Finally, you can make virtually every child’s future brighter by turning your attention to India’s nutrition crisis. Almost half the underweight children in the world live in India. This problem is massive, and it’s ripe for innovative solutions. If you can help India’s unprecedented number of frontline health workers prioritize nutrition for pregnant women and children under 2, you can unlock the potential of tens of millions of children.
If you achieve these goals in the next five years—and they are ambitious but achievable goals—then India will not only save millions of Indian lives, but it will also teach other countries to save millions of lives.
You will prove that dramatic improvements in health are possible, and you will demonstrate precisely which strategies are most effective.
To make this massive impact, you must continue to press your advantages. Indian pharmaceutical companies, scientists, and government officials must keep on developing new health products and devising new models for delivering healthcare. And the Indian government must accelerate its progress toward its health spending targets, so that innovations benefit the poor people who really need them.
It is also imperative that new money for health be spent wisely—and in transparent ways. That means keeping good data and analyzing it rigorously to determine the impact your investments are having. India has made an excellent start with the Health Management Information System under NRHM, which uses the Internet to collect health data so that officials can set policies based on clear evidence.

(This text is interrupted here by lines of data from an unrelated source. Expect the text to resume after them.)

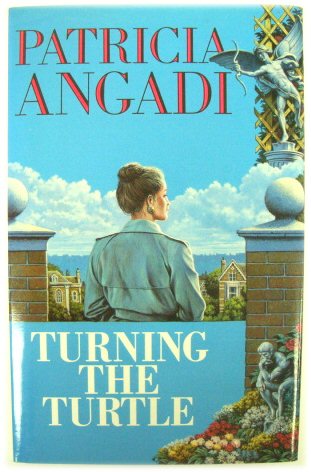 Turning the Turtle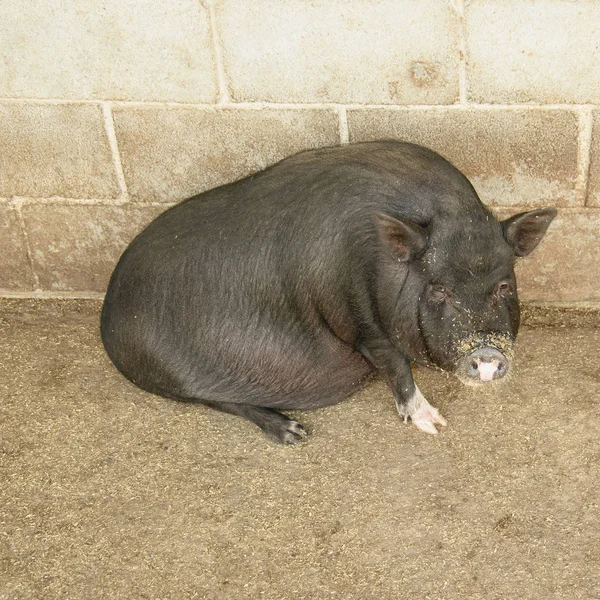 Vietnamese pig in a contact zoo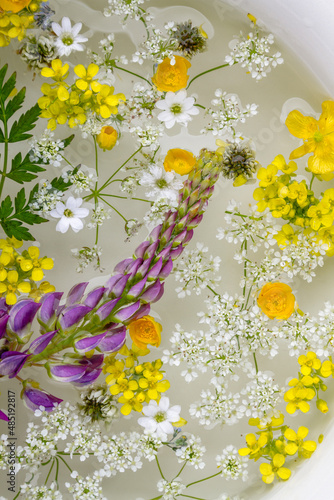 Floating wildflowers and herbs in water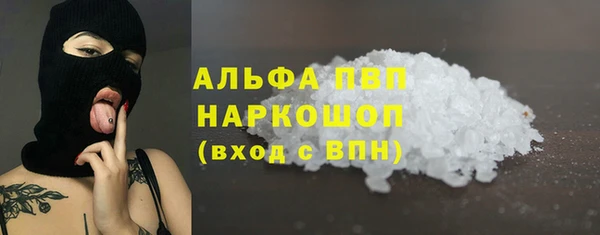 прущие грибы Михайловск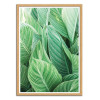Art-Poster - Tropical leaves - Gal Design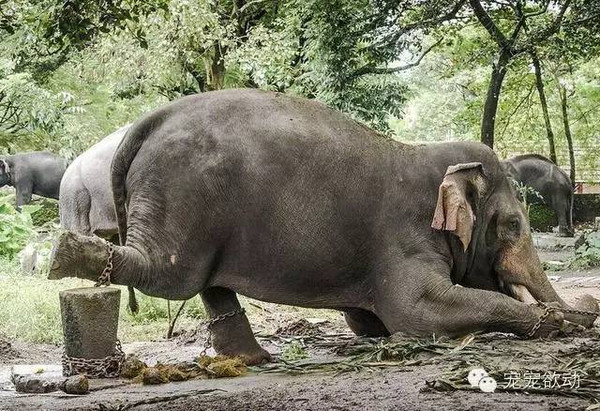 这些大象只要敢反抗驯象人,都会遭受让人痛心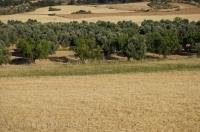 Beautiful fields are lined with olive trees that are grown in Zaragoza, Aragon in Spain, Europe.
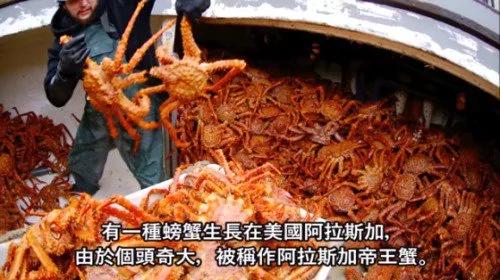 世上最危险职业之一 5天可赚10万美元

We must also hold people accountable for results. Accountability is always going to be a challenge in a system as large as India’s public health system. For example, India is one of many countries where the reported vaccine coverage rate is much higher than the actual coverage rate.
By passing the Right to Information Act, the government has created powerful new incentives for meaningful improvements in health care—and strong disincentives for misconduct. A great next step would be building up your capacity to independently monitor and evaluate health programs—and then to make information about how the programs are performing available to the public.

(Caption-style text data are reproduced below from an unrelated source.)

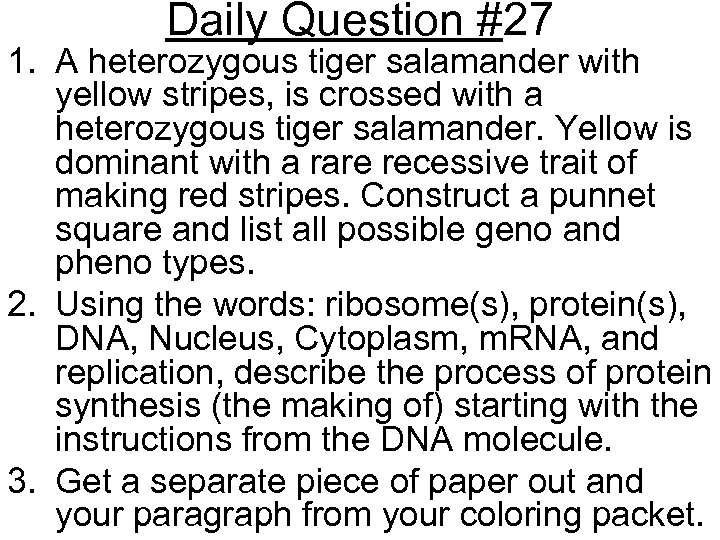 Daily Question #27 1. A heterozygous tiger salamander with yellow stripes, is crossed with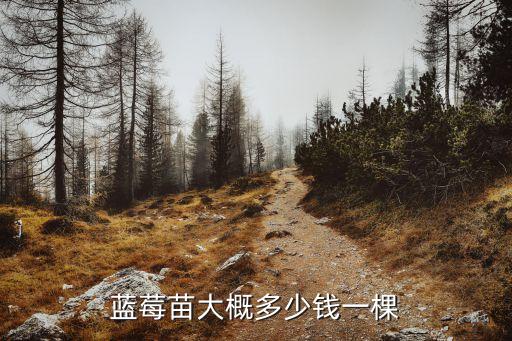 蓝莓苗大概多少钱一棵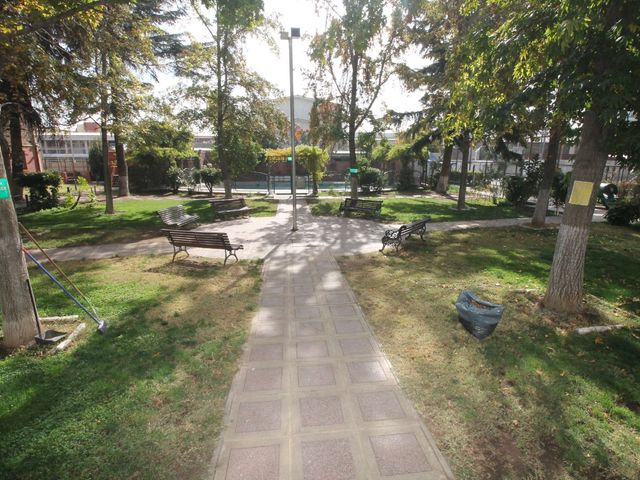 place photo 26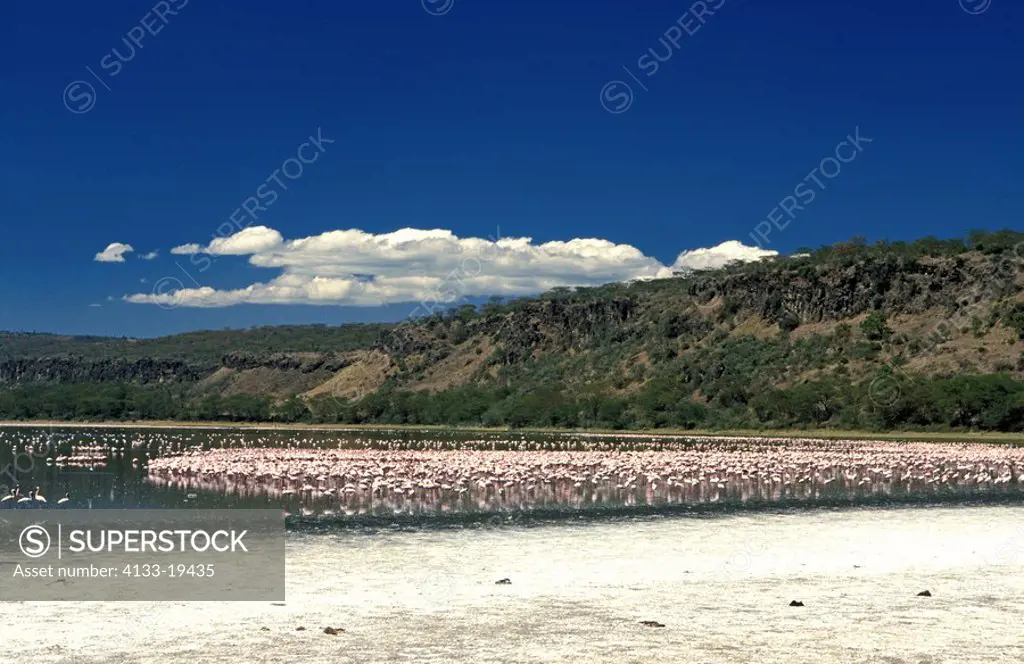 Lesser Flamingo,Phoenicopterus minor,Nakuru Nationalpark,Kenya,Africa,group in landscape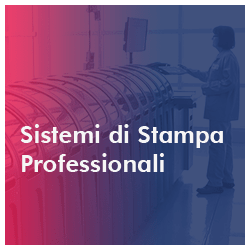 Sistemi di Stampa Professionali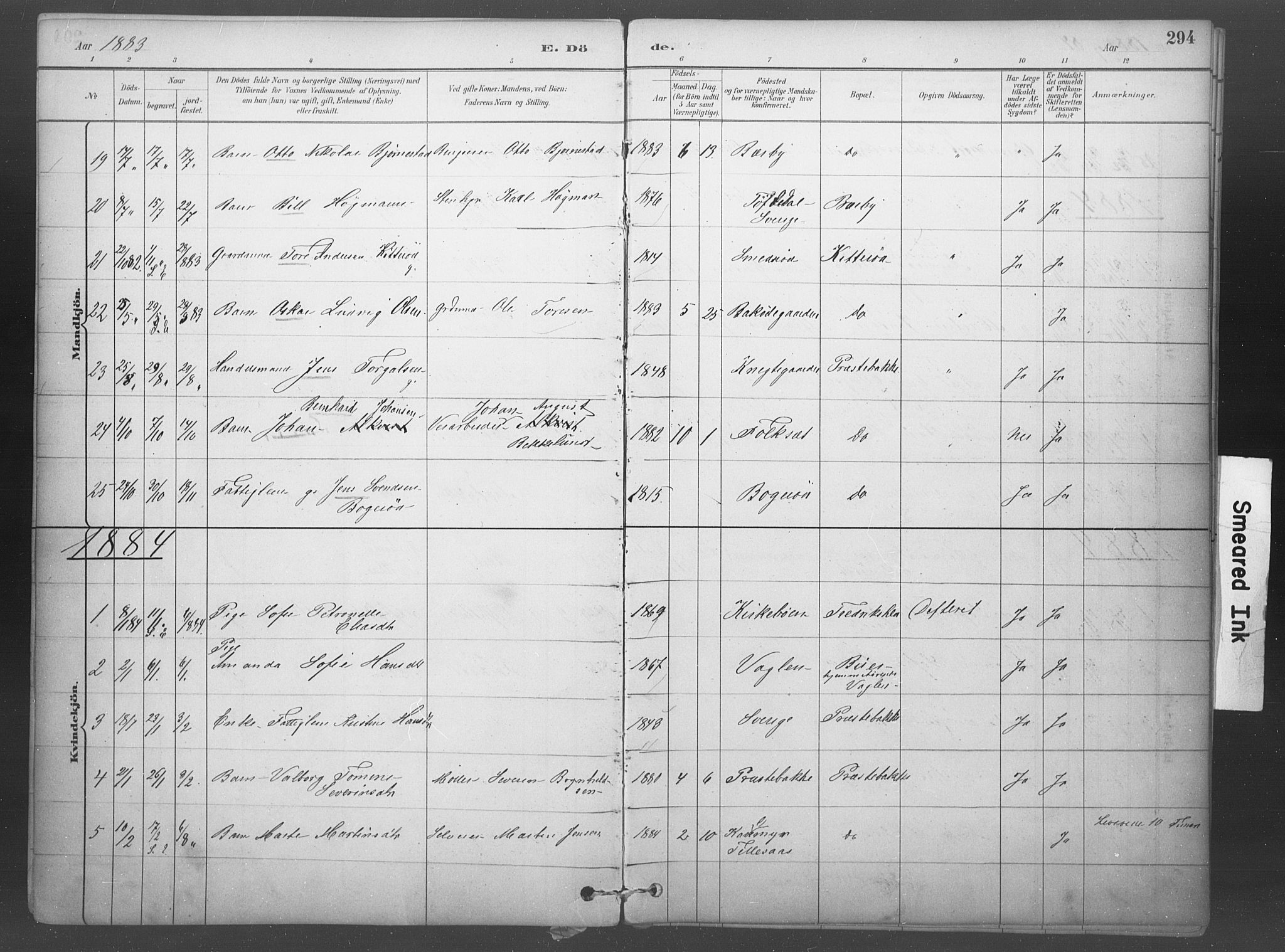 Idd prestekontor Kirkebøker, AV/SAO-A-10911/F/Fb/L0002: Ministerialbok nr. II 2, 1882-1923, s. 294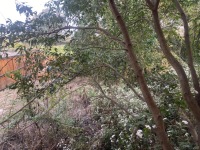 6室2廳4陽(yáng)臺(tái) 滇池衛(wèi)城滟瀾灣別墅客廳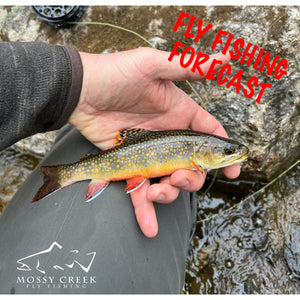 Mossy Creek Fly Fishing Forecast 3/14/2022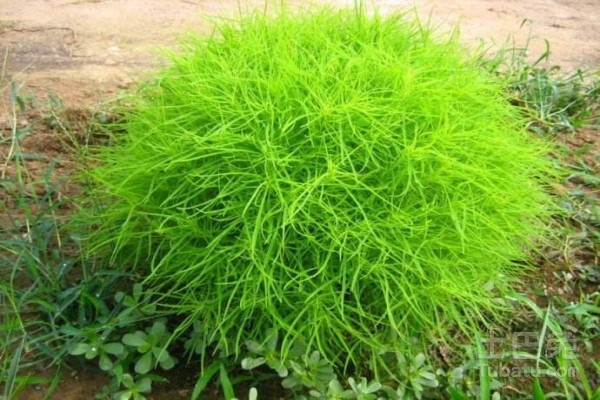 地肤草怎么种？种植方法有哪些？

Accountability reforms are doubly important. They are necessary to ensure an efficient healthcare system. But they are also a key ingredient of maintaining political support for health spending.
The wonderful thing about so many health interventions is that we know for a fact that they work. The evidence is overwhelming. When voters know about the results, they want to do more. But if you can’t prove the value of the money you’re spending, then the appetite for that spending will disappear very quickly.

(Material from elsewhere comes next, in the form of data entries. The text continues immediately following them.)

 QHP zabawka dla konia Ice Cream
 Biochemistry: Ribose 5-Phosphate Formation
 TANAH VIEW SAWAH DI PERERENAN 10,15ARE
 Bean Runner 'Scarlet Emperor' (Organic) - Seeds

I believe you will achieve your health goals. You have the energy and the intellect to do it. And you have the commitment that is necessary. You also have the full cooperation and support of the Bill & Melinda Gates Foundation.
We are impressed by what is happening in this country, and we want to help.
We’ve been your partners for the past six years. Back when Melinda and I were first getting started in global health, we learned that India had a good chance to limit the spread of HIV and AIDS. So we joined the government to start an HIV prevention program called Avahan.
It’s a vast partnership involving hundreds of grassroots organizations and thousands of peer educators. Every month, Avahan reaches hundreds of thousands of the people most at risk of contracting HIV with condoms, counseling, and testing.
Through Avahan, we have learned how important it is to get local communities involved in delivering effective public health interventions at a large scale. The next challenge will be passing on all that we’ve learned and transitioning Avahan to the government and other partners. We look forward to continuing that collaboration.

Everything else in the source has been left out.